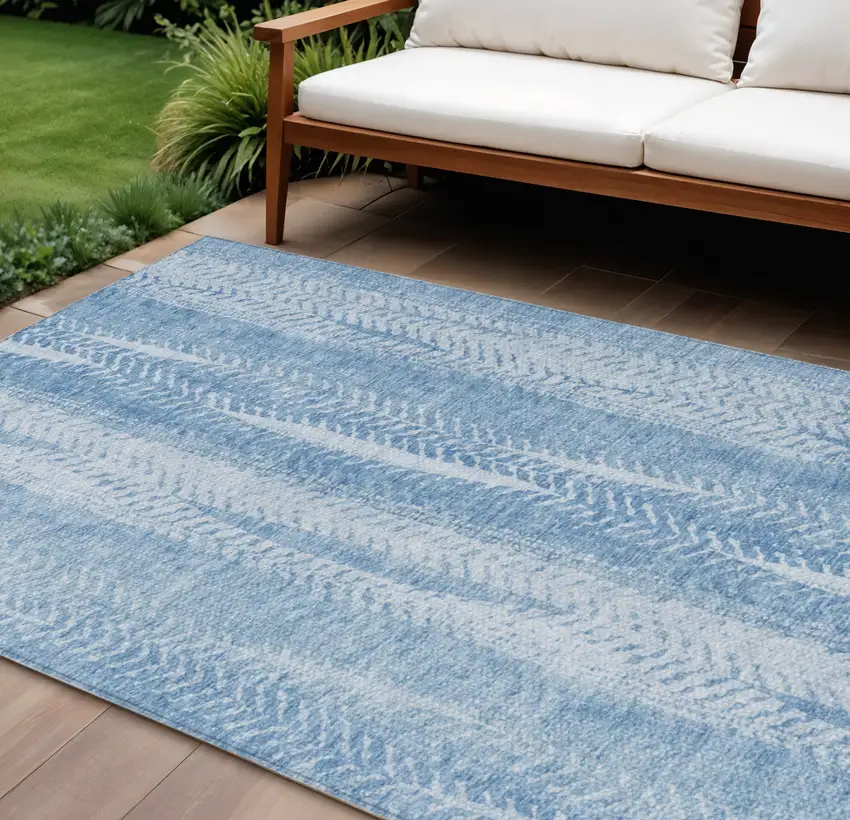 Sky Blue And Denim Blue Botanical Leaves Washable Indoor Outdoor Area Rug Photo 1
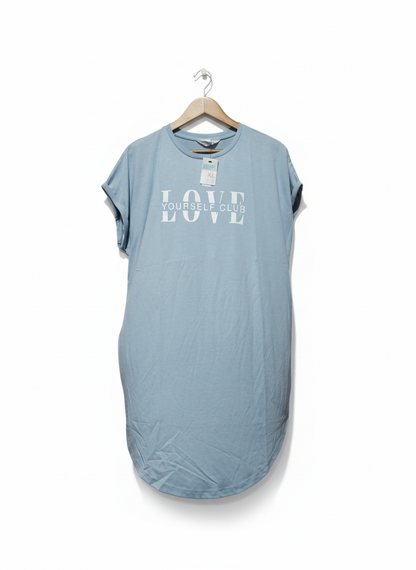 PRIMARK Short-Sleeved Nightgown With Text Print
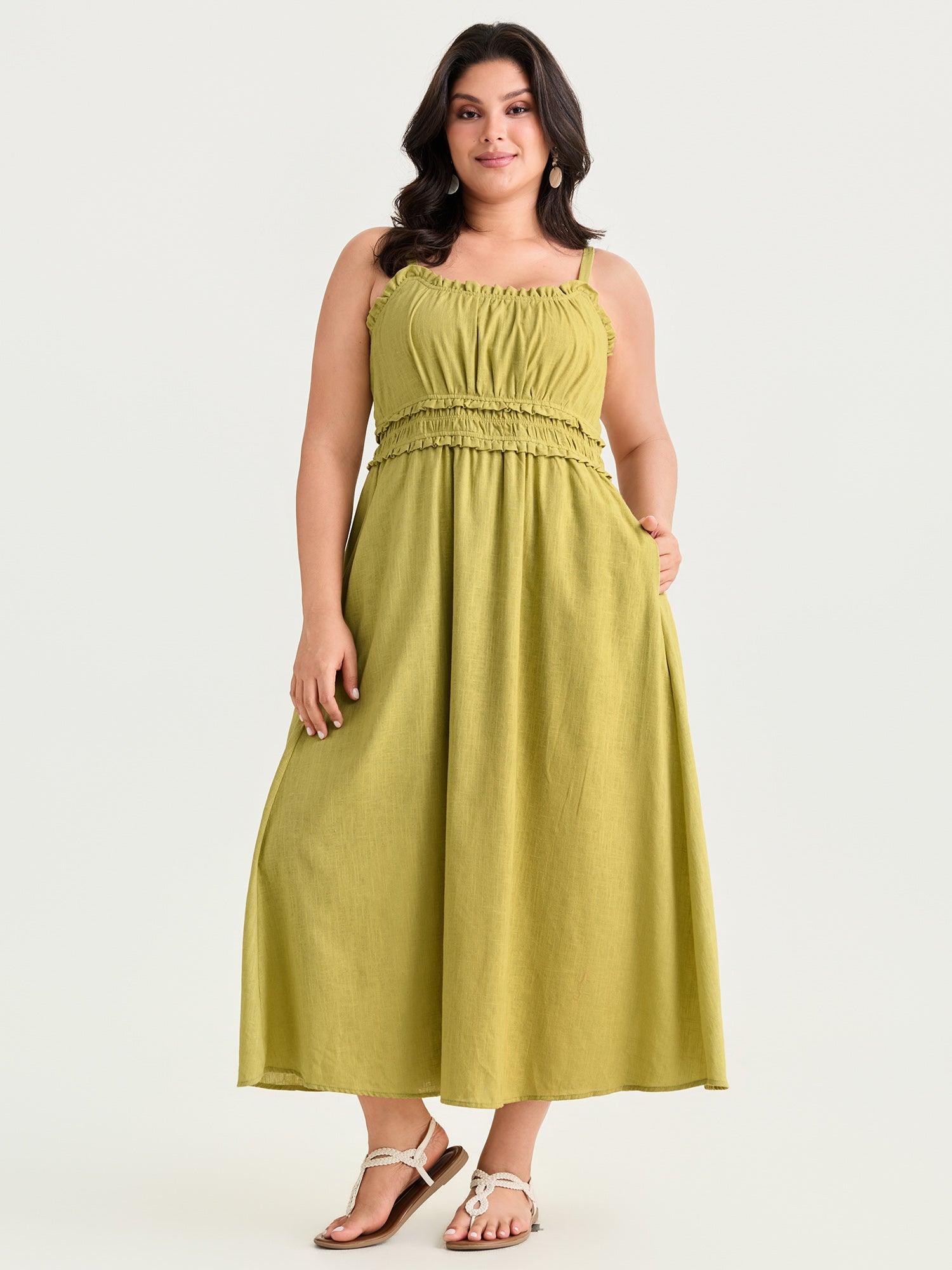 Cotton Linen Ruffle Trim Shirred Waist Cami Maxi Dress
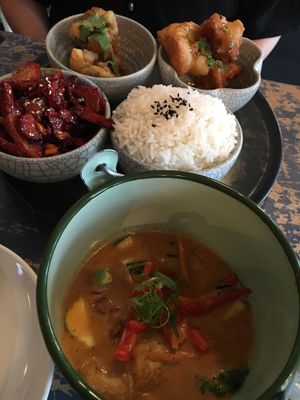 Panang curry in front & bbq bento. at Monsoon Thai Fusion in Battery Point
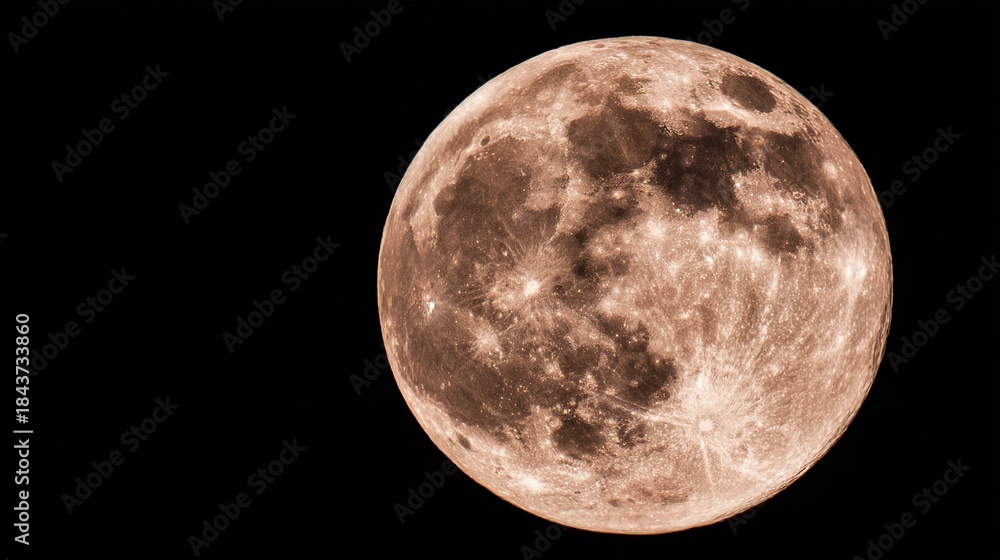 Obraz premium phase. A detailed closeup of the full moon, showcasing its textured surface against the dark expanse of space. STEM education sheets.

***

| WHAT IS EXPECTED |
Only the lines from the one containing "PRIMARK Short-Sleeved Nightgown" through the last line of the material should be returned, exactly and without pictures.

| WRITTEN REPLY |
 PRIMARK Short-Sleeved Nightgown With Text Print
 Cotton Linen Ruffle Trim Shirred Waist Cami Maxi Dress
 Panang curry in front & bbq bento. at Monsoon Thai Fusion in Battery Point
 Obraz premium phase. A detailed closeup of the full moon, showcasing its textured surface against the dark expanse of space. STEM education sheets.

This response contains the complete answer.